WORK ORDER = From the first line of the listing below to the line containing "Cloud access icons for web, vector", write out everything exactly. No pictures.

(EXERCISE MATERIALS)

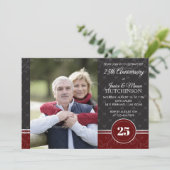 Uitnodiging 25e trouwdag Silver Elegance (Staand voorkant)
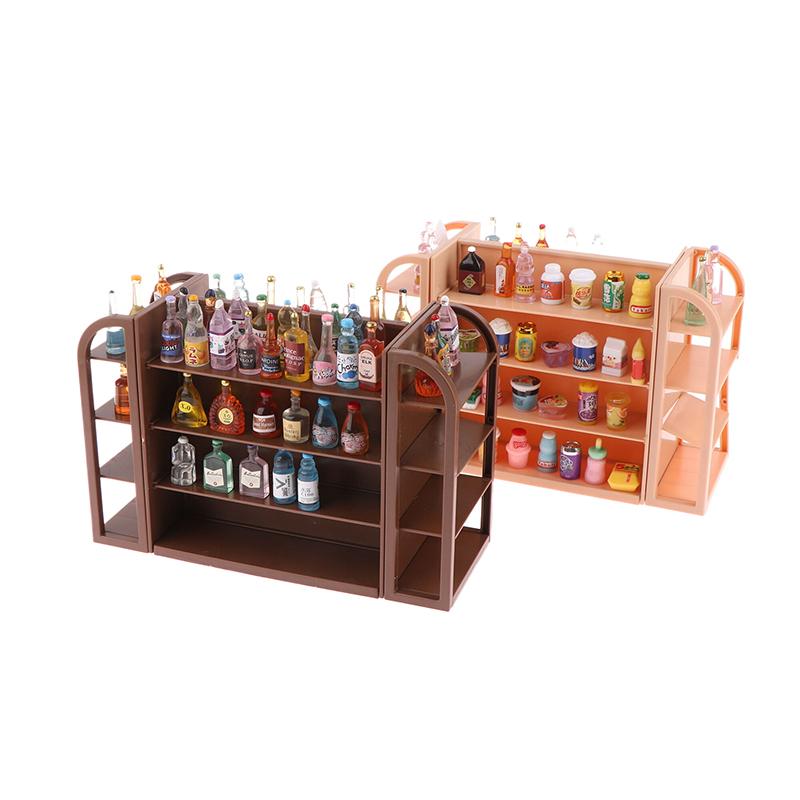 1 Set Doll House Scene Decor Accessories 1:12 Dollhouse Miniature Supermarket Shelf Mini Display Stand Storage Rack Model Toy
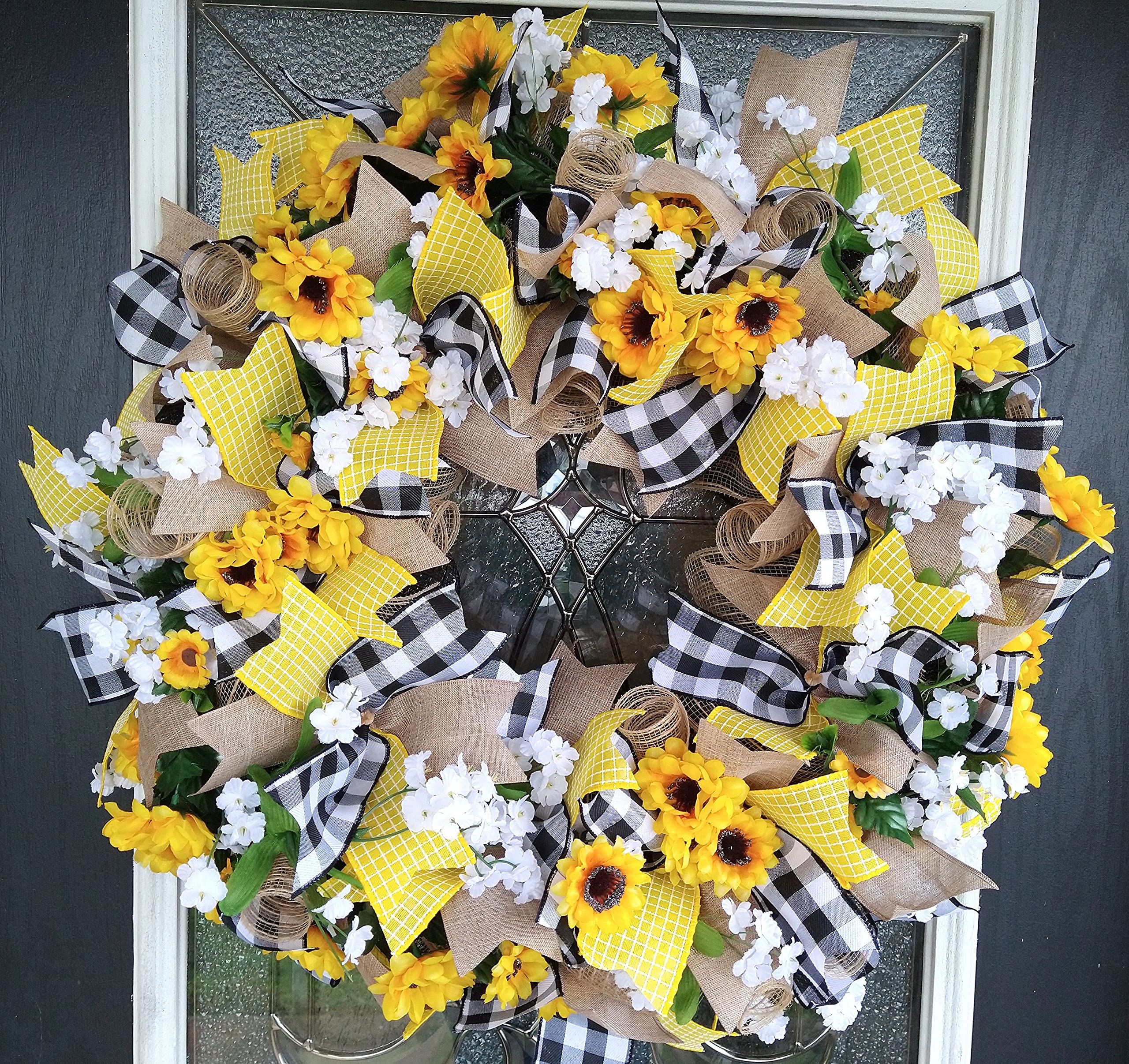 Black & Yellow Farmhouse Sunflower Wreath - Rustic Home Decor for Fall, Spring & Summer - Front Door Hanging, Burlap Wedding Decor & French Country Style - Perfect for Farmhouse Entryway, Porch & Seasonal Celebrations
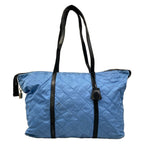 Prada Shoulder Bag Light Blue Black Quilted Leather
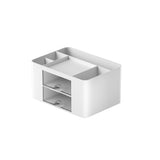 Multi-Functional Pen Organizer with 2 Drawer Office Art Supplies Holder for Desk White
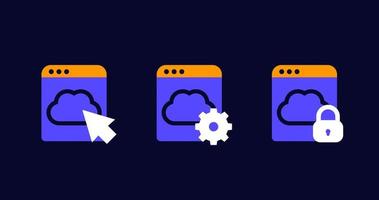 Cloud access icons for web, vector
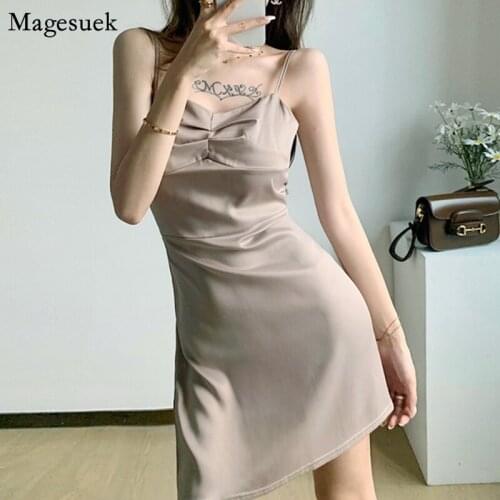 Party Evening A-Line Summer Dress Spaghetti Strap Sexy Mini Satin Dress Women Eleagnt Korean Pleated Short Dresses Vestido 15149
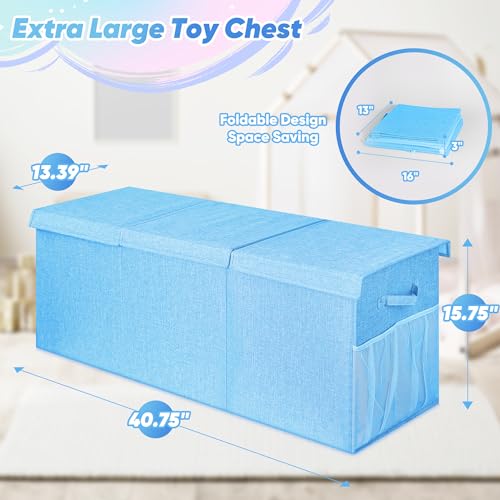 Extra Large Collapsible Toy Box with Lids, Gray P45959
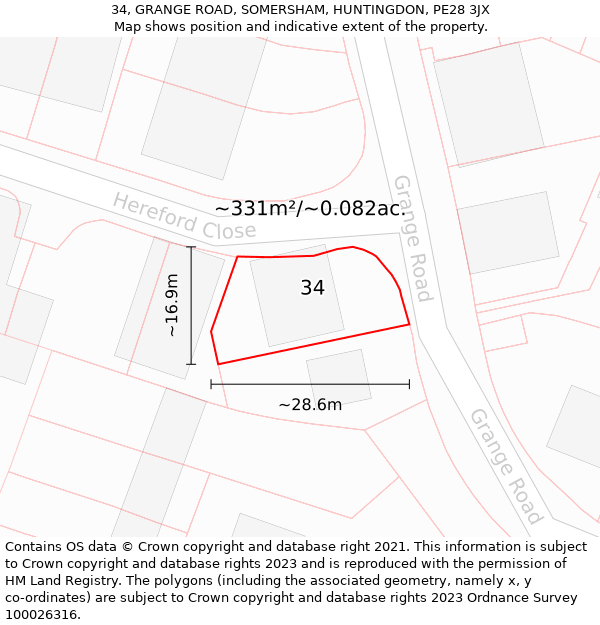 34, GRANGE ROAD, SOMERSHAM, HUNTINGDON, PE28 3JX: Plot and title map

(End EXERCISE MATERIALS)

YOUR SOLUTION =
 Uitnodiging 25e trouwdag Silver Elegance (Staand voorkant)
 1 Set Doll House Scene Decor Accessories 1:12 Dollhouse Miniature Supermarket Shelf Mini Display Stand Storage Rack Model Toy
 Black & Yellow Farmhouse Sunflower Wreath - Rustic Home Decor for Fall, Spring & Summer - Front Door Hanging, Burlap Wedding Decor & French Country Style - Perfect for Farmhouse Entryway, Porch & Seasonal Celebrations
 Prada Shoulder Bag Light Blue Black Quilted Leather
 Multi-Functional Pen Organizer with 2 Drawer Office Art Supplies Holder for Desk White
 Cloud access icons for web, vector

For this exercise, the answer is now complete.